Le 5 août 2013, un nouvel article paru dans la version en ligne du journal Le Monde interpelle à nouveau : cet article s’intitule : « Au Chili, les 33 mineurs d’Atacama se disent « enterrés une seconde fois ».

L’article indique ceci :

Trois ans tout juste après l’éboulement qui avait bloqué 33 mineurs pendant soixante-neuf jours au fond de la mine d’or et d’argent de San José, dans la région d’Atacama, la décision de la justice chilienne de classer la plainte contre les propriétaires du site a provoqué surprise et indignation à Santiago.

« Ils m’ont enterré une seconde fois ! s’est écrié un des mineurs, Mario Sepulveda, la voix brisée par la colère. C’est une honte pour le système judiciaire chilien. » « Beaucoup pensent que nous sommes bêtes. Nous ne le sommes pas, mais nous sommes pauvres », a ajouté celui que ses compagnons de captivité avaient surnommé « Super Mario » en raison de son calme et de sa bonne humeur.

« Il a été décidé de ne pas continuer l’instruction car il n’y a pas d’éléments pour soutenir une quelconque accusation », avait annoncé, le 1er août, le procureur d’Atacama, Hector Mella Farias.
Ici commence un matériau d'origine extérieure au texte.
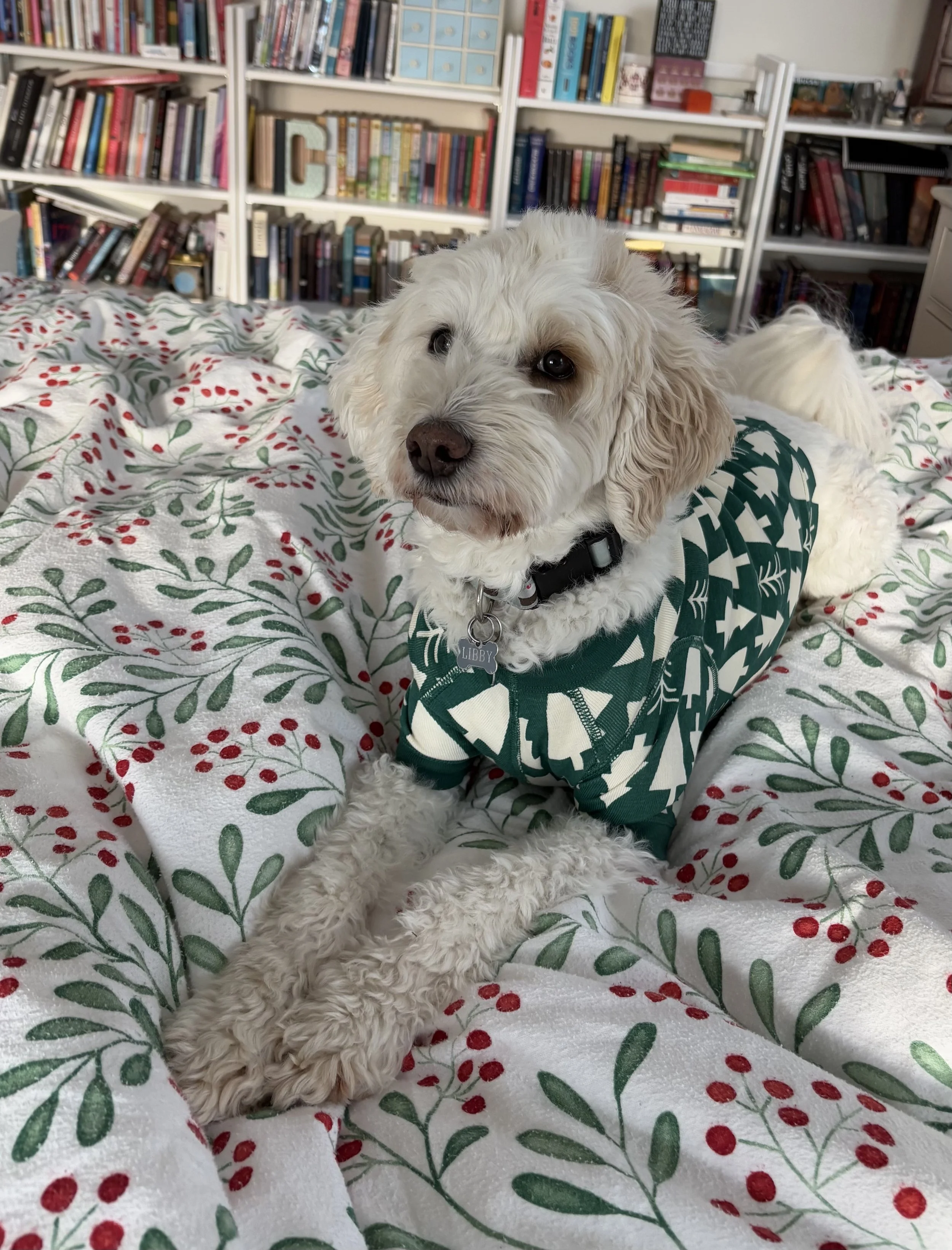 Christmas Reading Traditions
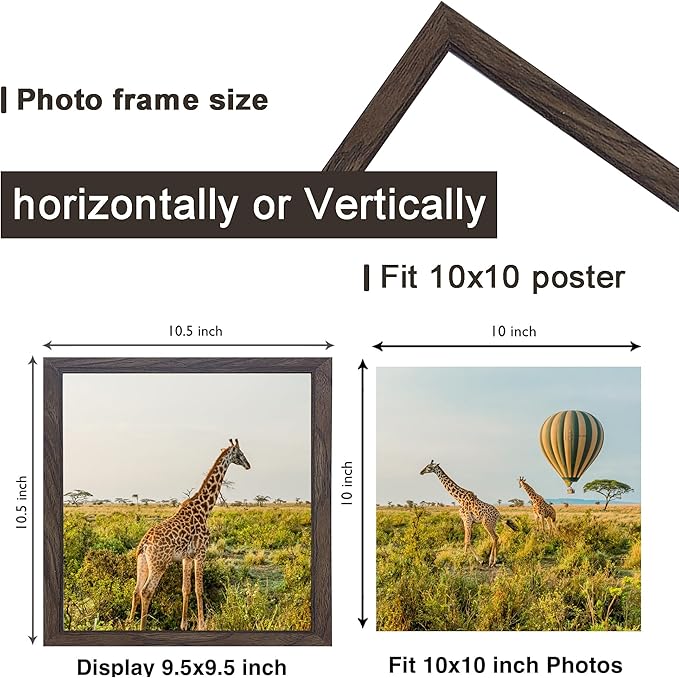 10x10 Picture Frame Set of 3, walnut Wooden Frame 10 by 10 Square Wall Gallery Poster Photo frame with Durable Shatter Resistant Plexiglass for Wall Hanging best gift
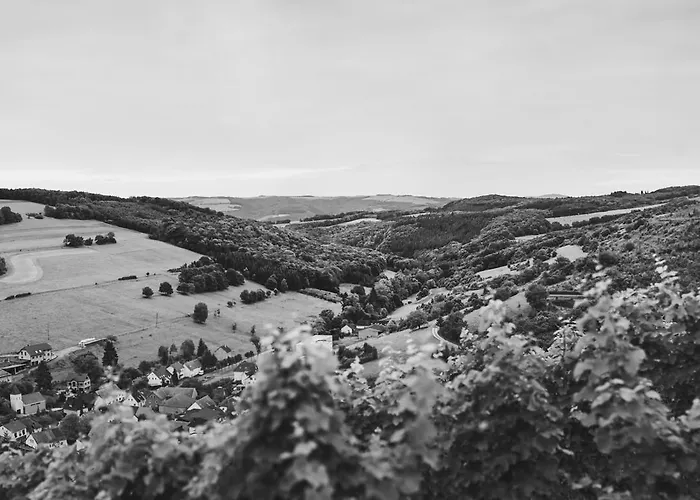 Weingut Hees - Landgasthof Zum Jaeger Aus Kurpfalz Auen (Bad Kreuznach)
Ainsi, le traumatisme initial des mineurs est réactivé par une absence de prise en compte judiciaire de leur plainte, ce qui entraîne l’un des mineurs à dire qu’il a été enterré une seconde fois … que dire de cette absence de reconnaissance judiciaire ? On peut se dire qu’elle ne permet pas la résilience du traumatisme.